Deutsche Hilfen zur Bekämpfung von Ebola in der DR Kongo
Berlin: (hib/AHE) Das Auswärtige Amt hat der Weltgesundheitsorganisation (WHO) nach Bekanntwerden des Ebola-Ausbruchs in der Demokratischen Republik Kongo vier Millionen Euro für Maßnahmen zur Eindämmung und zur Patientenbehandlung direkt bereitgestellt. Das geht aus der Antwort (21/7828(Dokument, öffnet ein neues Fenster))der Bundesregierung auf eine Kleine Anfrage der Fraktion Die Linke (21/7466(Dokument, öffnet ein neues Fenster)) hervor.
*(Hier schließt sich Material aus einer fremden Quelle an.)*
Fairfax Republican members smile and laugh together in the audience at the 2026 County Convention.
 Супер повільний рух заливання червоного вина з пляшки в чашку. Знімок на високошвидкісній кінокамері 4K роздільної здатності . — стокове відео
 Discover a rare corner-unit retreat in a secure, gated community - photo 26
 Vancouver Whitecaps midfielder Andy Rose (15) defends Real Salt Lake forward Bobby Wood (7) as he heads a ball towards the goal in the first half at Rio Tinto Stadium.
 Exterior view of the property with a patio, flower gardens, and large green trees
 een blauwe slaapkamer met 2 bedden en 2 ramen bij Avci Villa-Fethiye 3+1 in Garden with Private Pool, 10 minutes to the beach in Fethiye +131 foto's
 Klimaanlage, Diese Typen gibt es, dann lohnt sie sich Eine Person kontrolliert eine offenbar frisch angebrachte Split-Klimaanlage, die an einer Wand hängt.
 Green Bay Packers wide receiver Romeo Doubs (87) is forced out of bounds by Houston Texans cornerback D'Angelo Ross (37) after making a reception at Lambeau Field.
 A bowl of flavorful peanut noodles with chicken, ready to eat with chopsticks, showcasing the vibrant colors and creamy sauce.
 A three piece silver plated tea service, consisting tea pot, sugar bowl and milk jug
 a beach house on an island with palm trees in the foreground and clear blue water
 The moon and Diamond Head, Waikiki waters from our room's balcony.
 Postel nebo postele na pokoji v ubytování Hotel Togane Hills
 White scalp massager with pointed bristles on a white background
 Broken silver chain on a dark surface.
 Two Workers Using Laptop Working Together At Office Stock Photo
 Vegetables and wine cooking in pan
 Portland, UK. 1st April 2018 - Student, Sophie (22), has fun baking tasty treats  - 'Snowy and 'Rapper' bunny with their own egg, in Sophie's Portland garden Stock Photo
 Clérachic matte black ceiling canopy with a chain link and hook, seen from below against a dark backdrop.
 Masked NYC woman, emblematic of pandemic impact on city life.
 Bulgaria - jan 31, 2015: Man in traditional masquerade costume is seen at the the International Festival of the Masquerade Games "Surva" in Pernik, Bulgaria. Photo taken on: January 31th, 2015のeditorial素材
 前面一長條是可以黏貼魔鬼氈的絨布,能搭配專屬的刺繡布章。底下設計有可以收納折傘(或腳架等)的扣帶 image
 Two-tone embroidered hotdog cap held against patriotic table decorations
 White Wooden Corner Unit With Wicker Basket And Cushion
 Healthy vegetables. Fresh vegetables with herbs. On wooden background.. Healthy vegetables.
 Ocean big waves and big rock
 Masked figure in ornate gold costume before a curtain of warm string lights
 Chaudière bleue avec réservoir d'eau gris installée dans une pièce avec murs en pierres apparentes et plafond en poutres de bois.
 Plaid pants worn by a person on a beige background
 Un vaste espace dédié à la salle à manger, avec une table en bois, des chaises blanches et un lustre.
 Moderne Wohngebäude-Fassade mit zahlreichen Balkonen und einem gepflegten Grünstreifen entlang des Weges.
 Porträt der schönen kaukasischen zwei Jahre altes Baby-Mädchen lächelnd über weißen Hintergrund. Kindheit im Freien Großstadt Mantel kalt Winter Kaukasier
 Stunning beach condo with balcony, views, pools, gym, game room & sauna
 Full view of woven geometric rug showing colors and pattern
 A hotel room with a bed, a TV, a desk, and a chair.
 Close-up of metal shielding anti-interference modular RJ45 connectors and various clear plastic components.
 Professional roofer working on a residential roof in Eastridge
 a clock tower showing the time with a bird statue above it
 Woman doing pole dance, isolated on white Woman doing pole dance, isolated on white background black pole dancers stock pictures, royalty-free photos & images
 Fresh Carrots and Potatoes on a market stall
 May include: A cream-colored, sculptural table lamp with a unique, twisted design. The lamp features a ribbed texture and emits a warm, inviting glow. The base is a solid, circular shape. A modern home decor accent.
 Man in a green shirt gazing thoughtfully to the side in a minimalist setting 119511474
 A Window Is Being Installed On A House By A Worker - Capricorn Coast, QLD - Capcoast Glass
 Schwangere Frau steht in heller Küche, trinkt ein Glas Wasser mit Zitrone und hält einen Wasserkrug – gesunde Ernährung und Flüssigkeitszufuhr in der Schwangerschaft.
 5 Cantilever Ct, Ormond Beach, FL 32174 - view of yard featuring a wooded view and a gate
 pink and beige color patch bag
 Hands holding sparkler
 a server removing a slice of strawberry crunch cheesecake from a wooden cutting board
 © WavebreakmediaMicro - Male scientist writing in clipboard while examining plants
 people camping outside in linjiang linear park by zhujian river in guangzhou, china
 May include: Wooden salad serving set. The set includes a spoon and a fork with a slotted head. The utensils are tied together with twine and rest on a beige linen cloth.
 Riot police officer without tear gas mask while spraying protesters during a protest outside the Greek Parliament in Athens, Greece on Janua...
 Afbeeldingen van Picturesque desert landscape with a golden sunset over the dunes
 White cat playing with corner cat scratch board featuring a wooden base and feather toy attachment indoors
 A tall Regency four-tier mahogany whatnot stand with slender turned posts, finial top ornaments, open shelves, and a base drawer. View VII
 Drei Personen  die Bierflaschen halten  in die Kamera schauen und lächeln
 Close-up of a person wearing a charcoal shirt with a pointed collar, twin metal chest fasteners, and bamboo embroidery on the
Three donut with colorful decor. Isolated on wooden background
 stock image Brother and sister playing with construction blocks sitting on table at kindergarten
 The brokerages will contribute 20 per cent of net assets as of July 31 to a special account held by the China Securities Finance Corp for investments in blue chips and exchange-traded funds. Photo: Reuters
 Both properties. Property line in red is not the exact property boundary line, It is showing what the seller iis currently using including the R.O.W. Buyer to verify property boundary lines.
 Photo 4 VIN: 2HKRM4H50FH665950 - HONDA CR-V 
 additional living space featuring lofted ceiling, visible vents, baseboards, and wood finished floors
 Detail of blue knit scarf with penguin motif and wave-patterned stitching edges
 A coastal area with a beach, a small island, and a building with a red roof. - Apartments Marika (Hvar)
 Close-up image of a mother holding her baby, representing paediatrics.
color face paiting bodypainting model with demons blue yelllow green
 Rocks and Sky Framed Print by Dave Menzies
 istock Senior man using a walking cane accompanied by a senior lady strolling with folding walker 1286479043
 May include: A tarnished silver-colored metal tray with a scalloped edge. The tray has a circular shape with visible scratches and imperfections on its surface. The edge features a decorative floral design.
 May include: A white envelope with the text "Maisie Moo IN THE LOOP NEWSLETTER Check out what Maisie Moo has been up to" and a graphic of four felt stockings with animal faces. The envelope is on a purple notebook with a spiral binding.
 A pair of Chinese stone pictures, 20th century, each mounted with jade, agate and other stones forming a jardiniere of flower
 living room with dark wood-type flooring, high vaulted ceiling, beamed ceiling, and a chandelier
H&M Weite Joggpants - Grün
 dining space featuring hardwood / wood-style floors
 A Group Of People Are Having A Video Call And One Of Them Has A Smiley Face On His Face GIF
Davon entfielen zwei Millionen Euro auf den WHO-Nothilfefonds und zwei Millionen Euro auf die laufende afrikaweite Förderung der WHO.
Darüber hinaus gehöre Deutschland zu den größten Gebern des Zentralen Nothilfefonds der Vereinten Nationen (CERF), der für die Bekämpfung des Ebola-Ausbruchs bisher insgesamt 60 Millionen US-Dollar vorgesehen habe. Zudem sei Deutschland nach den USA und der EU drittgrößter Geber des Pandemiefonds. Dieser habe insgesamt 220,6 Millionen US-Dollar für die Reaktion auf den Ebola-Ausbruch und für die Vorsorge in Nachbarländern bereitgestellt habe.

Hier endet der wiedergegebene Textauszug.